Shame that none of these entry level switchers include a proper PFC, which makes them illegal to be sold in many countries "officially". IMO, this is also a clear indication for their general level of sophistication and quality (or rather lack thereof)... Yet, for many applications these "El Cheapos" are quite useful.

I contacted Kungber and asked if they used TC and they said, "No." Isn't that a really cheap circuit to include? If so, why not just add it?

An active PFC adds at least one more HV power semiconductor, a fast power rectifier (with asscociated heat sinking provisions for those two components), a power inductor, a controller IC and miscellaneous passives to the BOM. Since the gadget will work perfectly well without that complication, albeit with a much higher crest factor and thus feeding considerable current noise/harmonics back into the mains, the disadvantages of the missing PFC don't get directly obvious to the individual user as long as the the electricity provider can cope with the situation.
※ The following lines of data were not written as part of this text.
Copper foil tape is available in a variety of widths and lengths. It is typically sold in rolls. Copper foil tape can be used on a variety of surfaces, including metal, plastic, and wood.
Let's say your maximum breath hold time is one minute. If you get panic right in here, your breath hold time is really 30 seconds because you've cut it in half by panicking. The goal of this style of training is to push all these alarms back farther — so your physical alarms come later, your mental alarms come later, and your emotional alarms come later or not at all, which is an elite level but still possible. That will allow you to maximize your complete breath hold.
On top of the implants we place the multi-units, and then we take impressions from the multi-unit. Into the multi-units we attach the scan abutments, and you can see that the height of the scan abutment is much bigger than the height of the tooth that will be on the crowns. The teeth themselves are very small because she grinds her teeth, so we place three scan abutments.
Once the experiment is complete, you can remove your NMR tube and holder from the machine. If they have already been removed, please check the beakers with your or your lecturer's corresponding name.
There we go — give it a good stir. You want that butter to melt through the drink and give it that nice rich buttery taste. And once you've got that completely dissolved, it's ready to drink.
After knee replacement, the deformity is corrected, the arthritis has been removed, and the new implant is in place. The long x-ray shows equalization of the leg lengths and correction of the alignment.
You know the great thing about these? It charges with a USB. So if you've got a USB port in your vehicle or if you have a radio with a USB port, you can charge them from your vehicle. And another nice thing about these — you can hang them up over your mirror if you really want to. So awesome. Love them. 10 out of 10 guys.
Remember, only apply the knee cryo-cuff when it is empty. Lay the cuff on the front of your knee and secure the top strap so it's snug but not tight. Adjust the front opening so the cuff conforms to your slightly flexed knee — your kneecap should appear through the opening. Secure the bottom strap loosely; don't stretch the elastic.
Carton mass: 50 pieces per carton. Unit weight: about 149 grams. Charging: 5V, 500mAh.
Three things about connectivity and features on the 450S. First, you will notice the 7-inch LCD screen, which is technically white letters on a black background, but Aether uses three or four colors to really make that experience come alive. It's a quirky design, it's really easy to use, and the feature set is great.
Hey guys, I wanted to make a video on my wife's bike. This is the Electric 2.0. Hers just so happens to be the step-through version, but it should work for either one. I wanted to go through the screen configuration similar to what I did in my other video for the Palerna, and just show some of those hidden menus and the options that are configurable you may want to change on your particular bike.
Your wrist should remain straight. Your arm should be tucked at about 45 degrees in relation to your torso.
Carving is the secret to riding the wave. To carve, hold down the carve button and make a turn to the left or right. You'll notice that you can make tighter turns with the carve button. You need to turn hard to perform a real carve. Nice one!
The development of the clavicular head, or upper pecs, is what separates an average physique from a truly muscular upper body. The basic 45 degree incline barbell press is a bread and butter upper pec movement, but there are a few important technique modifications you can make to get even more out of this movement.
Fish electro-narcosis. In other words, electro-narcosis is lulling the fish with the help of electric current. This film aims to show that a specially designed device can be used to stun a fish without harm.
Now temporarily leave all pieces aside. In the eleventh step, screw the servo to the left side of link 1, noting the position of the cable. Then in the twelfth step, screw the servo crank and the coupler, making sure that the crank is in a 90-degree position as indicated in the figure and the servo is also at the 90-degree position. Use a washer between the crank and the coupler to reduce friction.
But the shift from analog PSUs in all kinds of devices to switch-mode technology during the past three decades exacerbated the situation up to a point that all of the components of the electricity supply chain had been pushed to the limit. Thus the legislation nowadays requires (new) electrical appliances above a certain power consumption to have to be equipped with a PFC to be legal in most countries. And that's why (practically) all of today's PC and laptop power supplies are equipped with such a circuitry. But especially the low-end, "hobby-grade" switch mode power supply manufactures do without this complication - see the "Muntzing" approach mentioned by @beanflying.

Very interesting, Tom. Thanks for that information.